In the entries below, begin at the line that has "1712 16th Ave, Beaver Falls, PA 15010", stop after the line that has "Feronya Hotel - 25", and output those lines exactly with no pictures.

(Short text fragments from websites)
○ ○ ○ ○

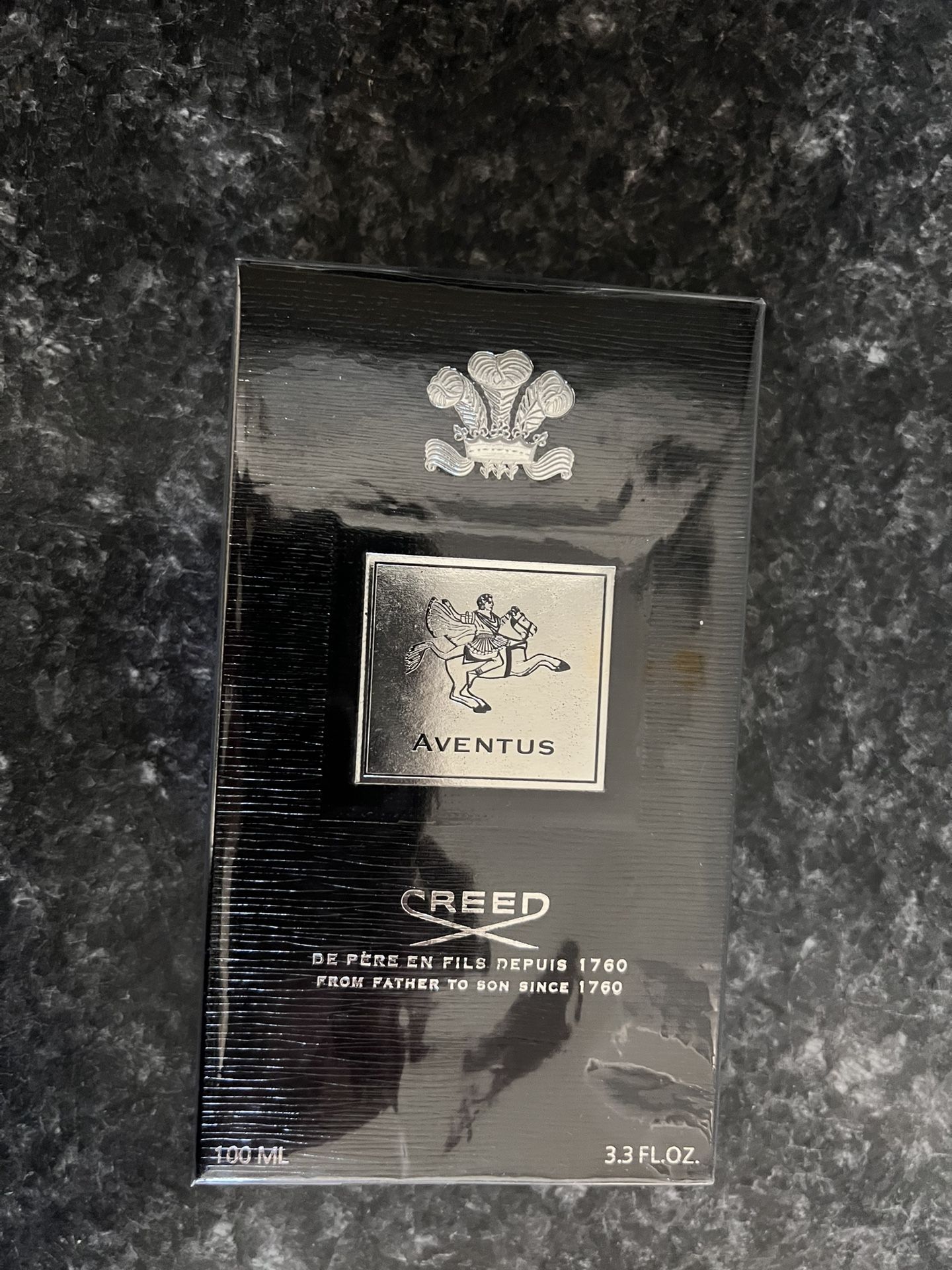 Creed Aventus Cologne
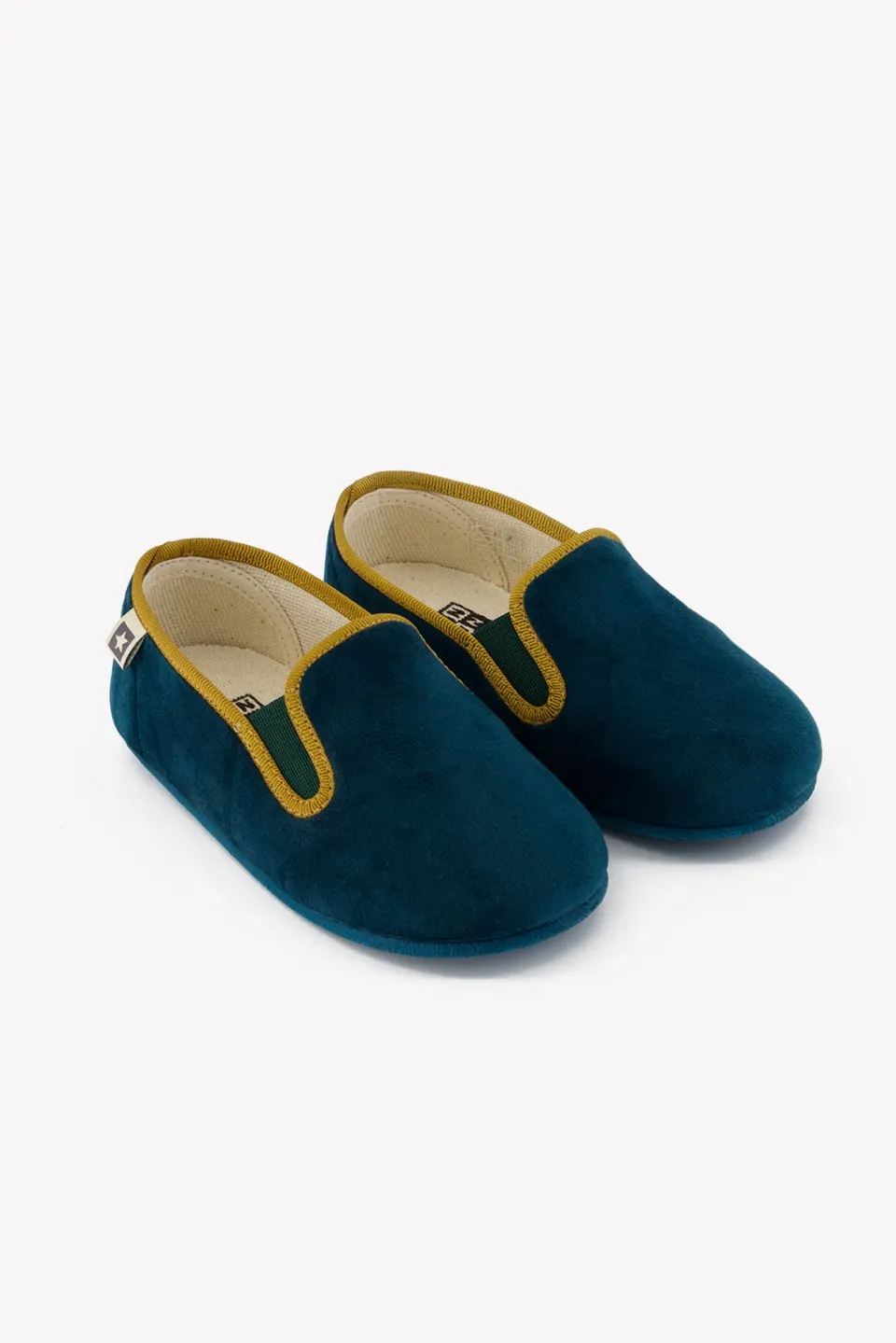 Bonton John sutsko bomuld stjerne str. 19-35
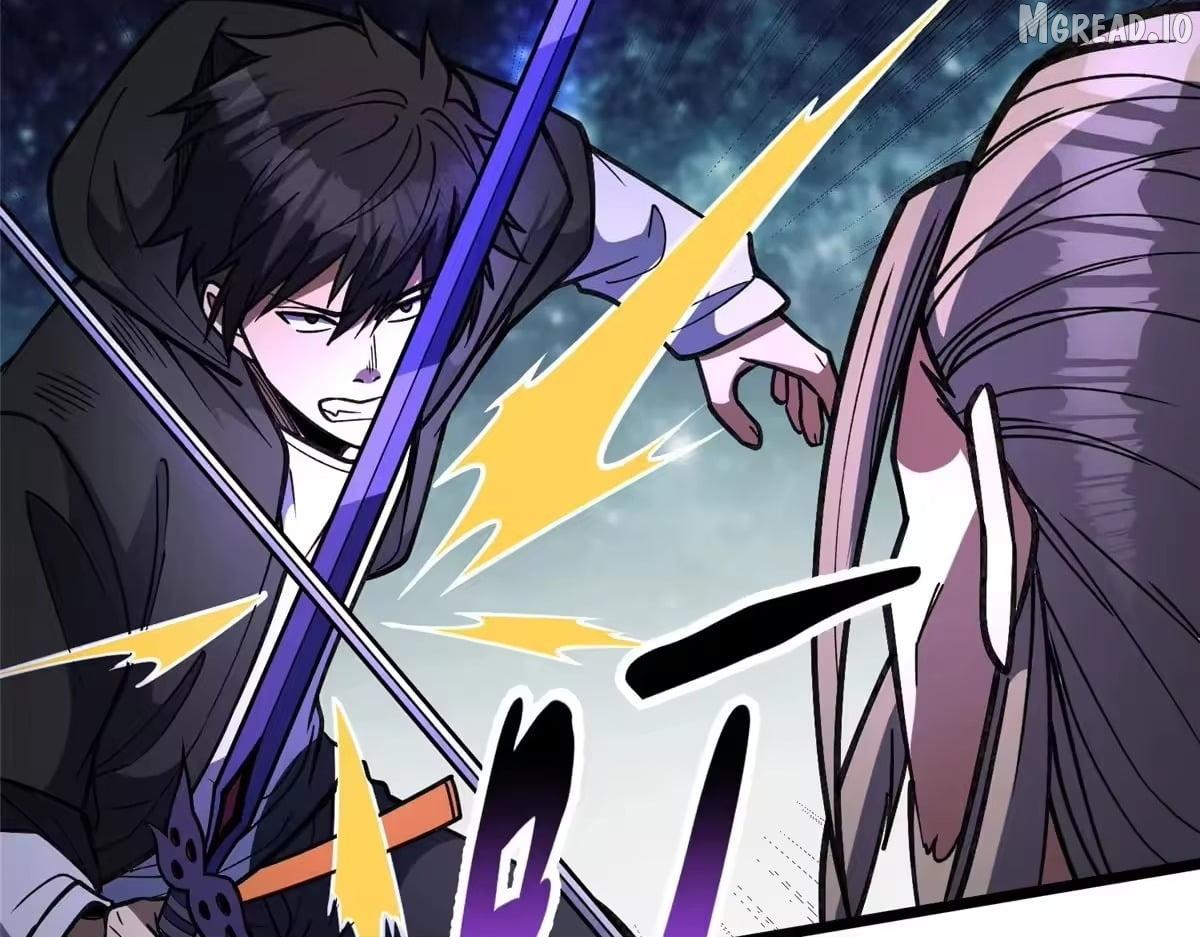 Divine Urban God Chapter 318 page 63 - 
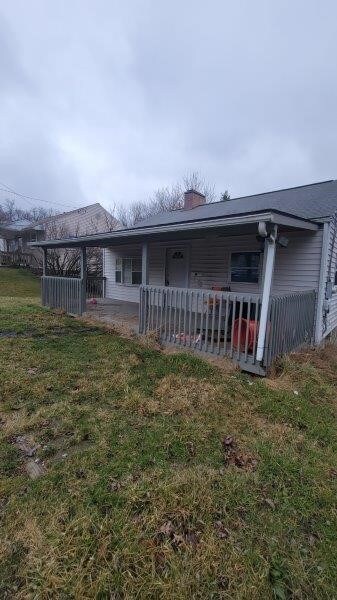 1712 16th Ave, Beaver Falls, PA 15010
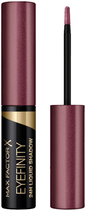 Тіні для повік Max Factor Eyefinity All Day Eyeshadow 09 Sultry Burgundy 2 мл (3614229788846) - зображення 1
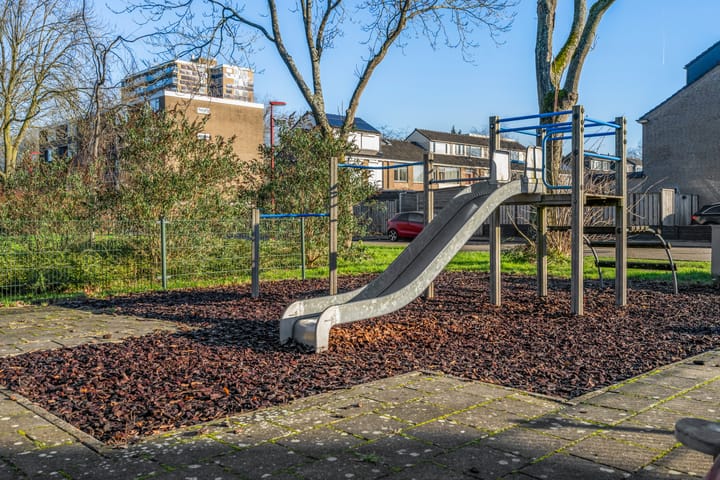 Foto 29 van Raedeckerplantsoen 3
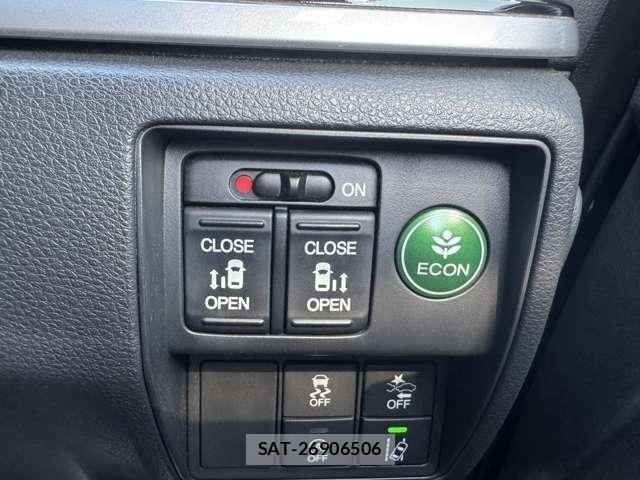 Honda ODYSSEY 2015-11 8075056-18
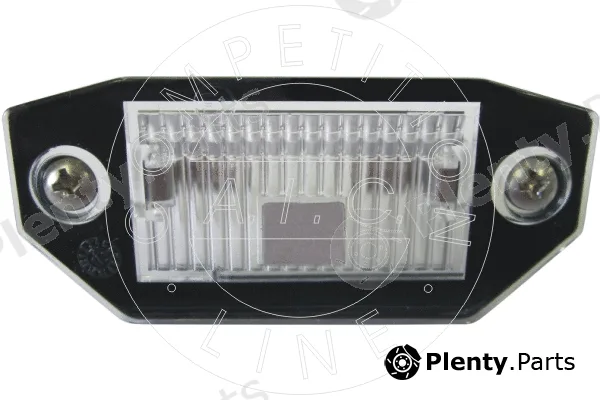 AIC 53408 — Licence Plate Light Original AIC Quality
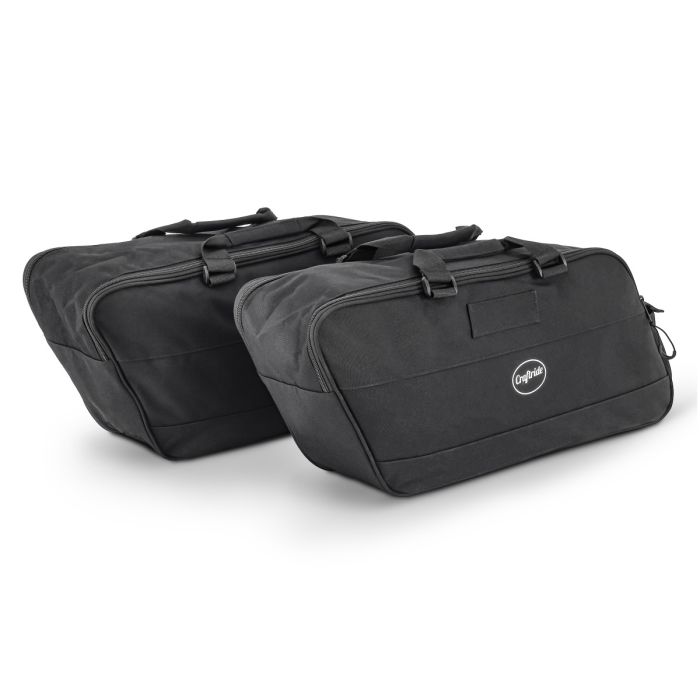 Set genți interioare Craftride BG1 pentru Harley Davidson Touring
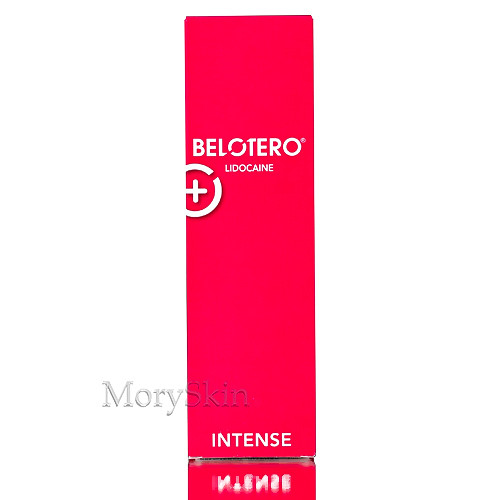 Belotero® Intense with Lidocaine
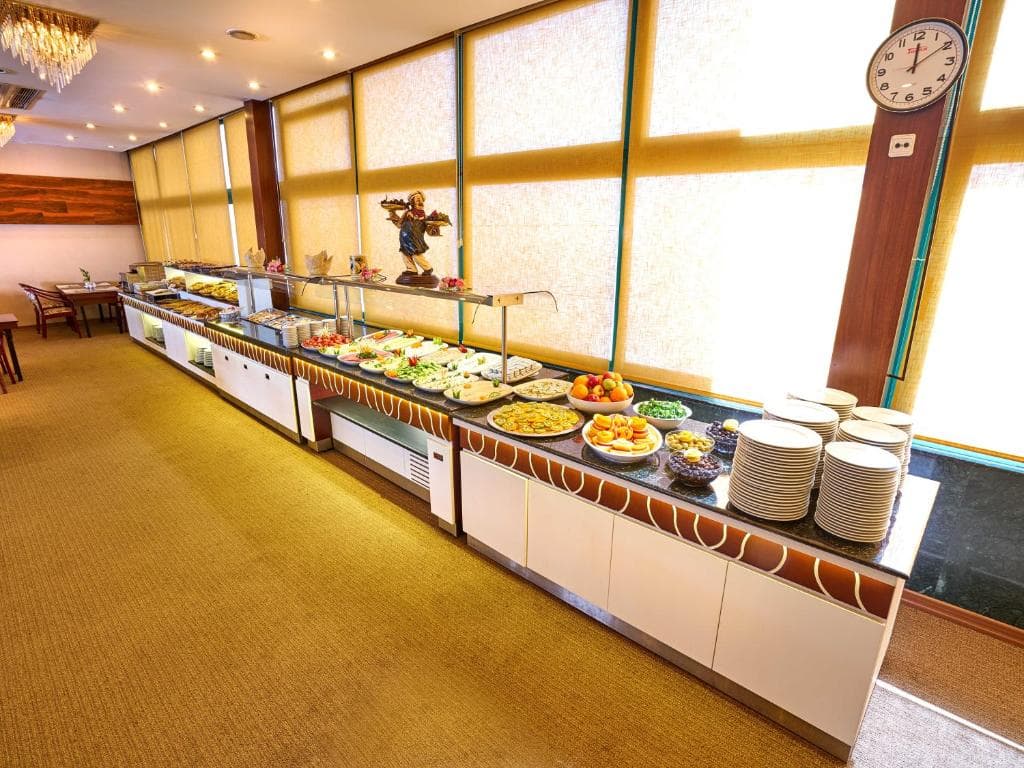Feronya Hotel - 25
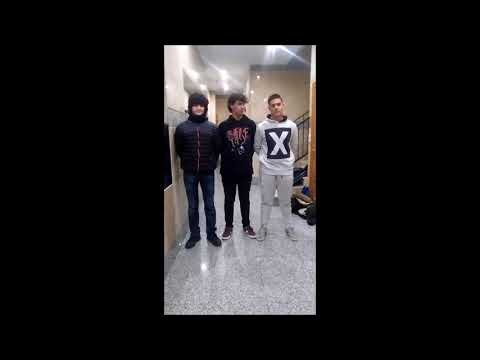 Entre todos podemos acabar con el hambre en el mundo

○ ○ ○ ○

## Answer below
 1712 16th Ave, Beaver Falls, PA 15010
 Тіні для повік Max Factor Eyefinity All Day Eyeshadow 09 Sultry Burgundy 2 мл (3614229788846) - зображення 1
 Foto 29 van Raedeckerplantsoen 3
 Honda ODYSSEY 2015-11 8075056-18
 AIC 53408 — Licence Plate Light Original AIC Quality
 Set genți interioare Craftride BG1 pentru Harley Davidson Touring
 Belotero® Intense with Lidocaine
Feronya Hotel - 25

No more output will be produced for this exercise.